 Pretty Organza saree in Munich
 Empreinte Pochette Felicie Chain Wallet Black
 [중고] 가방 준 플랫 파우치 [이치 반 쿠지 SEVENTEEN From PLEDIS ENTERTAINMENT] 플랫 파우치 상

▸ Exercise goal
Would you give the listing again, word for word?

▸ Answer box
 Pretty Organza saree in Munich
 Empreinte Pochette Felicie Chain Wallet Black
 [중고] 가방 준 플랫 파우치 [이치 반 쿠지 SEVENTEEN From PLEDIS ENTERTAINMENT] 플랫 파우치 상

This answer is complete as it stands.